Pull every line containing "silver" out of the listing below.

Start of DATA PROVIDED

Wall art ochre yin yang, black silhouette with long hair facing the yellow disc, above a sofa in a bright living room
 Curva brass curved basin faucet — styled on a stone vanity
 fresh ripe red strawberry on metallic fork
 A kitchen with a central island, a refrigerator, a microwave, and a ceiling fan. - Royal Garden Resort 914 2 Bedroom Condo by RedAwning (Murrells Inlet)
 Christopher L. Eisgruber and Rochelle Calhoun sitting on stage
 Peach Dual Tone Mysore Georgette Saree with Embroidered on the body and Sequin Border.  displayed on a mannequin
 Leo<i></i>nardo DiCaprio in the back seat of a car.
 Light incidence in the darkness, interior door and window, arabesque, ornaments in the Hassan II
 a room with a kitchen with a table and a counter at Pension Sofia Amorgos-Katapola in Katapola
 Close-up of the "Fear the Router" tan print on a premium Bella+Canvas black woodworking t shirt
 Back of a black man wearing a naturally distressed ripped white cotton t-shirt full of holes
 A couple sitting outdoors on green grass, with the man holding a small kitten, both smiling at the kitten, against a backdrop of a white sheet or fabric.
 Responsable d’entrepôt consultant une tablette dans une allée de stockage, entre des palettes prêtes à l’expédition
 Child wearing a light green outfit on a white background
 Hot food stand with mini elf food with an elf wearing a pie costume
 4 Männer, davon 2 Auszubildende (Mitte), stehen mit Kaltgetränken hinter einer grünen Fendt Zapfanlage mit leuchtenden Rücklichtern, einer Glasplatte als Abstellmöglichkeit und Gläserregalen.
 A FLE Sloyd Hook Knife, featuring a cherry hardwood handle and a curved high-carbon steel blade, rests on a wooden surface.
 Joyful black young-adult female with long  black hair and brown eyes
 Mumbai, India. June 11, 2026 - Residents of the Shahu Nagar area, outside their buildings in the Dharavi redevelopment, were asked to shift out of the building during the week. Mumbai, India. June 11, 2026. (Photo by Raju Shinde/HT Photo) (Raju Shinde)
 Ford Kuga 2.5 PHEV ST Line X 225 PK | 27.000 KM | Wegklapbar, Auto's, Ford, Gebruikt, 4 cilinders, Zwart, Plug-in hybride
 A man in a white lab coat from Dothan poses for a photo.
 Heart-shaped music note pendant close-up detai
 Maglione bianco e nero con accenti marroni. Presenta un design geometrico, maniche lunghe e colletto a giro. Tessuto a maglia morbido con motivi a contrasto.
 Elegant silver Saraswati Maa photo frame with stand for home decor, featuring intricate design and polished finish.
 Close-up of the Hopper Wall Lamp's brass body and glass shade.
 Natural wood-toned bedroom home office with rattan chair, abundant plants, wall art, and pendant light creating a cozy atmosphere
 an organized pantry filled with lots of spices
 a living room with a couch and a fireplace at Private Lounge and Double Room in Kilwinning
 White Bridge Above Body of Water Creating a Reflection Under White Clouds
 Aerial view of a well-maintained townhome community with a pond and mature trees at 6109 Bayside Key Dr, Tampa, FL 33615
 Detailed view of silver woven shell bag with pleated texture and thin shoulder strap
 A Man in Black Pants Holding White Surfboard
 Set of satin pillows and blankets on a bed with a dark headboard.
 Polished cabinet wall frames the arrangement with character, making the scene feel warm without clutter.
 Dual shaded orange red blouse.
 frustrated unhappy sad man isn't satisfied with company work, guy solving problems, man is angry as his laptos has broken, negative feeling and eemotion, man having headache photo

End of DATA PROVIDED

:: TASK RESPONSE ::
 Elegant silver Saraswati Maa photo frame with stand for home decor, featuring intricate design and polished finish.
 Detailed view of silver woven shell bag with pleated texture and thin shoulder strap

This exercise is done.